Pain in knee OA involves the peripheral and central nervous system (Lee et al.2011). Inflammatory mediators inside the joint sensitize nociceptors innervating synovium, leading to local areas of enhanced pain sensitivity. Eventually, growth of new nociceptors and activation of nociceptors in the exposed subchondral bone augment the peripheral input to the central nervous system. Central pain resulted from central sensitization and reduced central inhibition leads to prolonged and enhanced pain (Sluka et al.2012). In this study, pain originating from intra-articular structures in medial knee OA was not always localized at synovial cavity of the joint, let alone medial side. For instance, although there is no synovial cavity in area 8 (around pes anserinus), pain was relieved by joint block in the positive group. If the local insults caused pain in area 8, joint block was theoretically not effective. Therefore, we think that the pain mechanism of diffuse pain is at least partly due to alterations in central pain processing.

Pain characteristics differed among different knee areas. For instance, pain at anterior medial area (area 4) was the most common finding in patients with medial knee OA. This pain was observed during walk rather than during extension-flexion, which might reflect increased load at medial compartment in genu varum. On the contrary, popliteal pain (area 12) was observed during extension-flexion of the knee rather than during walk, which might reflect impingement of torn meniscus and capsular contracture. In addition, pain at anterior medial area was usually accompanied by tenderness, while popliteal pain was not. It is possible that the presence of tenderness only reflects the superficial location of painful structures. However, knowing the pain characteristics at each knee area is helpful in evaluating pain in knee OA during daily practice.

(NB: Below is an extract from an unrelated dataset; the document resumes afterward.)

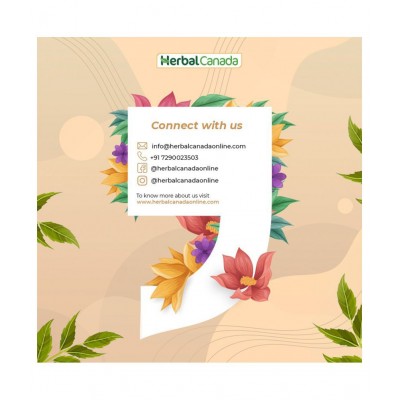 Herbal Canada Liver Care Liquid 500 ml Pack Of 2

Several authors used diagnostic blocks with a criterion of 50% pain relief for knee joint (Choi et al.2011), sacroiliac joint (Rupert et al.2009), lumbar facet joint (Schwarzer et al.1994), and shoulder joint (Liliang et al.2009). In this study, a more stringent criterion, 70% pain relief according to (Broadhurst & Bond1998), was used. A response of 70% pain relief could be inferred to indicate that the intra-articular tissues were not sole but significant source of pain. Although 70% criteria were to decrease the false-positive rate, it might have resulted in increased false-negative cases vice versa. It seemed more problematic to include the false-positive cases because the main purpose of this study was not to clarify the prevalence of pain originated from intra-articular tissues but to describe its characteristics.

The strength of this study is detailed pain assessment using joint block. However, there are several limitations in our study. Firstly, a placebo response might have been involved because of our single uncontrolled block. For an ideal prevalence study, a placebo controlled or comparative local anaesthetic study will be necessary. Secondly, intra-articular injection was performed blindly. Although the superolateral approach is reported as the most accurate approach for intra-articular knee injection (Hermans et al.2011), ultrasound guidance (Berkoff et al.2012) might have resulted in the better accuracy of injection. Thirdly, spread of local anaesthetics could be individually variable. Future clinical trials using a double-injection paradigm for patient selection and a control group are needed to further clarify the pain referral patterns observed in knee OA. Lastly, the problems with the study design include observational study with relatively small sample size. Despite these limitations, we believe that this study provides clinically important information on pain characteristics associated with medial compartment knee OA.

In conclusion, our results suggest that the characteristics of joint pain are widely variable even in patients with similar radiological features. Although the main source of pain in medial osteoarthritis knees is intra-articular structures, extra-articular sources are not negligible especially in older patients with a long history of diffuse pain. Differences in pain characteristics among knee areas should be taken into account when examining the pain source of knee osteoarthritis.